NVIDIA Pascal Thread

Genx87 · Apr 5, 2016

USER8000 said:
Emm,you mean Kepler?? The GK210 was used in those markets not the GM200.

Intel can afford to throw billions at the market - you only have to look at how they have managed to sneak into the top 10 list of the TOP500.

I thought they had a maxwell based Tesla and it wasnt that popular due to FP64 performance?

USER8000 · Apr 5, 2016

Genx87 said:
I thought they had a maxwell based Tesla and it wasnt that popular due to FP64 performance?

Nvidia rejigged the GK110:

http://www.anandtech.com/show/8729/nvidia-launches-tesla-k80-gk210-gpu

Det0x · Apr 5, 2016

Hmm. The new FirePro delivers a maximum single-precision performance of 13.9 teraflops, while Nvidia nextgen p100 delivers 10.6 teraflops ?

Are i am missing something ?

n0x1ous · Apr 5, 2016

Det0x said:
Hmm. The new FirePro delivers a maximum single-precision performance of 13.9 teraflops, while Nvidia nextgen p100 delivers 10.6 teraflops ?

Are i am missing something ?

Yes you Are. That is a dual Fiji part so 596mm2 X 2 GPUs that are single precision focused with minimal double precision hardware

Glo. · Apr 5, 2016

Det0x said:
Hmm. The new FirePro delivers a maximum single-precision performance of 13.9 teraflops, while Nvidia nextgen p100 delivers 10.6 teraflops ?

Are i am missing something ?

At the same power and thermal envelope. Nothing you are missing. Apart from the fact that S9300x2 has 1/16 ratio of Double Precision and P100 has 1/2 ratio of DP.

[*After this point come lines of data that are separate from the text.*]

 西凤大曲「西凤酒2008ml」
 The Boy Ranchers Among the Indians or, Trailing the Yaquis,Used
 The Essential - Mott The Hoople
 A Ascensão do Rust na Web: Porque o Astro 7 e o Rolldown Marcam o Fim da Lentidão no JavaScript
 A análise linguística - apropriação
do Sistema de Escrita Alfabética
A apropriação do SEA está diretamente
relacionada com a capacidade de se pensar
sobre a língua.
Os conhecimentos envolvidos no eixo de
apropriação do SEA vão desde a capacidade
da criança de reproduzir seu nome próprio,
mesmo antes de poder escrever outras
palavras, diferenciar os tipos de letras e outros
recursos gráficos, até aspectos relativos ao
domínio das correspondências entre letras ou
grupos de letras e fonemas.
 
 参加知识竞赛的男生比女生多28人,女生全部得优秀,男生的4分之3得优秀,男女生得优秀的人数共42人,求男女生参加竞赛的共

But in single precision AMD has better solution, unless you run CUDA software.

ThatBuzzkiller · Apr 5, 2016

GP100 will need much more parallelism compared to GM200 ...

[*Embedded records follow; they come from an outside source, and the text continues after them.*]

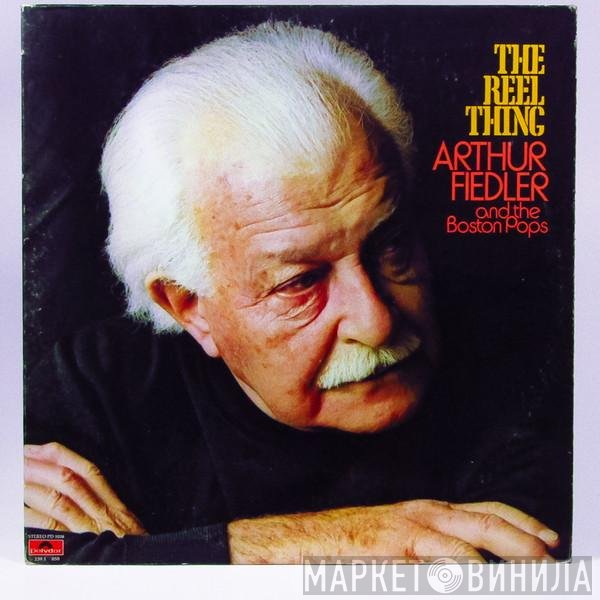 Arthur Fiedler And The Boston Pops Orchestra  - The Reel Thing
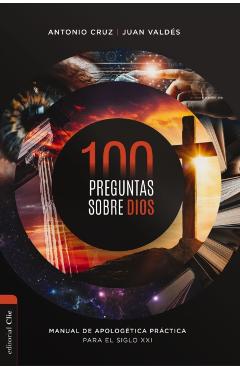 100 Preguntas Sobre Dios: Manual de Apologética Práctica Para El Siglo XXI - Antonio Cruz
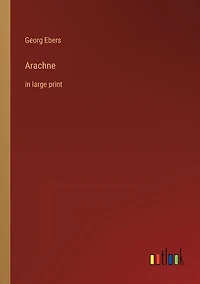 Arachne: in large print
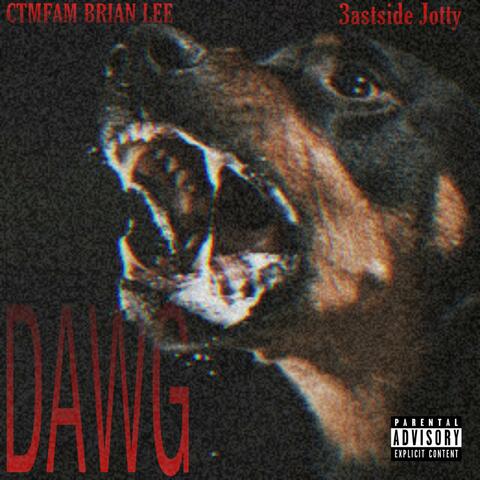 Dawg (feat. 3astside Jotty)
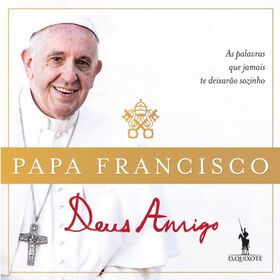 Deus Amigo de Papa Francisco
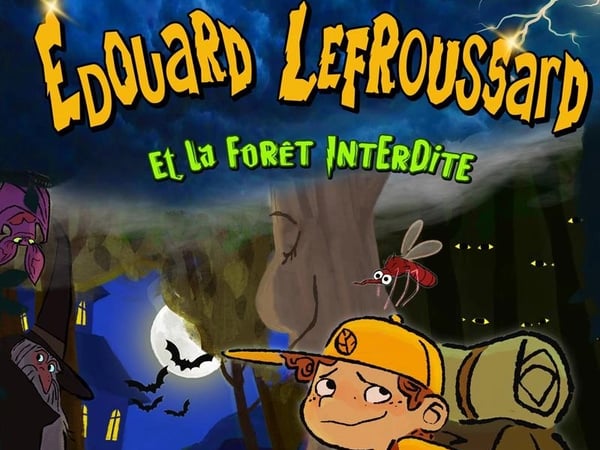 Edouard Lefroussard et la Forêt Interdite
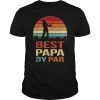 Funny Golf Dad Gift Best Papa by Par Father's Day T-Shirts
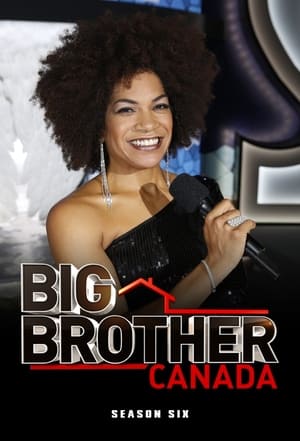 Big Brother Canada 6. évad (2018-03-07) poszter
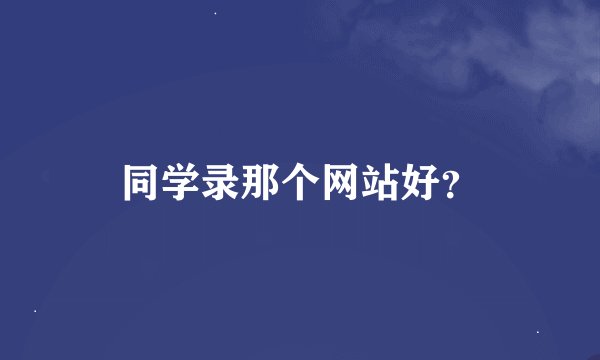 同学录那个网站好？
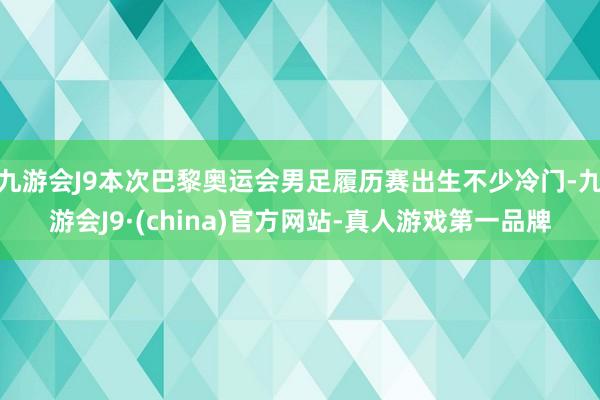 九游会J9本次巴黎奥运会男足履历赛出生不少冷门-九游会J9·(china)官方网站-真人游戏第一品牌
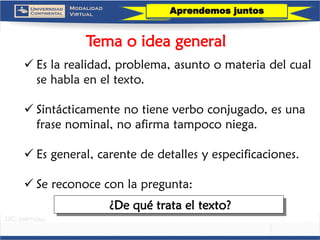 Tema o idea general 
Es la realidad, problema, asunto o materia del cual se habla en el texto. 
Sintácticamente no tiene verbo conjugado, es una frase nominal, no afirma tampoco niega. 
Es general, carente de detalles y especificaciones. 
Se reconoce con la pregunta: 
¿De qué trata el texto? 
Aprendemos juntos  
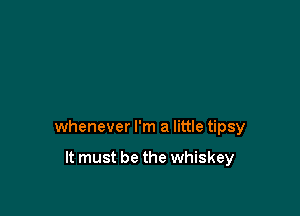 whenever I'm a little tipsy

It must be the whiskey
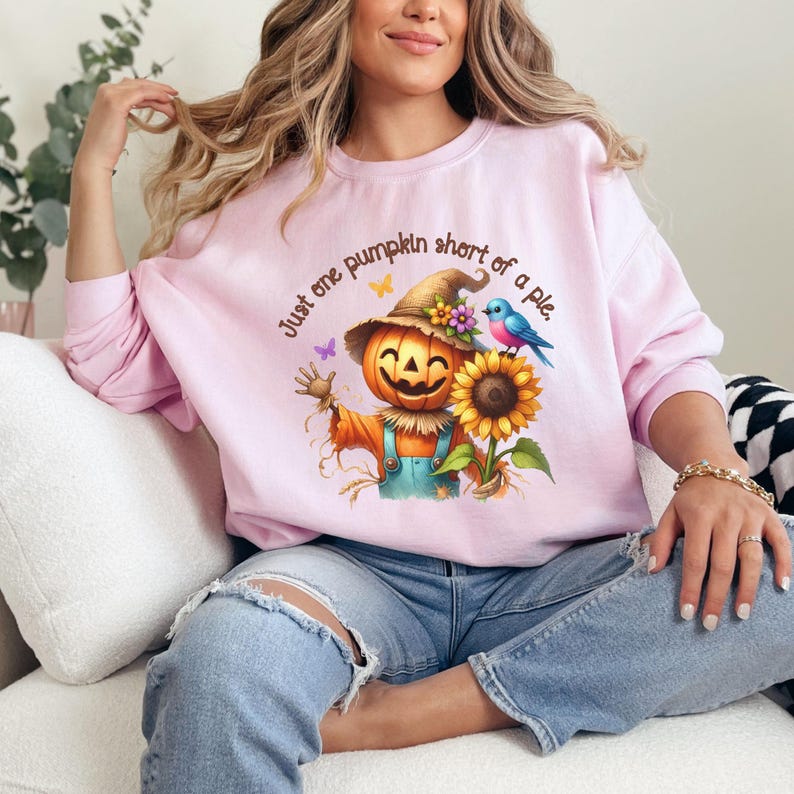 Funny Scarecrow Just One Pumpkin Short of a Pie Sweatshirt, Holiday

49152 warps vs 114688 warps

In that respect Pascal is more closer to GCN the ever in terms of on chip memory resources and occupancy and it even has 64K of shared mem per SM (64 wide) just like GCN CU (64 wide) having 64K of shared mem! (The same ALU/shared mem ratio!)

Genx87 · Apr 5, 2016

USER8000 said:
Nvidia rejigged the GK110:

http://www.anandtech.com/show/8729/nvidia-launches-tesla-k80-gk210-gpu

I stand corrected.

nvgpu · Apr 5, 2016

Nvidia is probably waiting for 8 stack HBM2 and better yields before enabling all 3840 CUDA cores on GP100 for a 32GB Tesla P100/P110 if a customer asks them for 32GB of HBM2 memory.

Erenhardt · Apr 5, 2016

n0x1ous said:
Yes you Are. That is a dual Fiji part so 596mm2 X 2 GPUs that are single precision focused with minimal double precision hardware

If by minimal you mean 4 times more than TitanX, then I need to study my English dictionary again.

Interesting, Titan lineup was introduced by a Kepler generation as a professional GPU for cheap (hell expensive for a geforce, third the price of pro card).
Maxwell made Titan lineup a glorified regular Geforce at an insane premium, tesla seems to continue that trend.

xpea · Apr 5, 2016

Det0x said:
Hmm. The new FirePro delivers a maximum single-precision performance of 13.9 teraflops, while Nvidia nextgen p100 delivers 10.6 teraflops ?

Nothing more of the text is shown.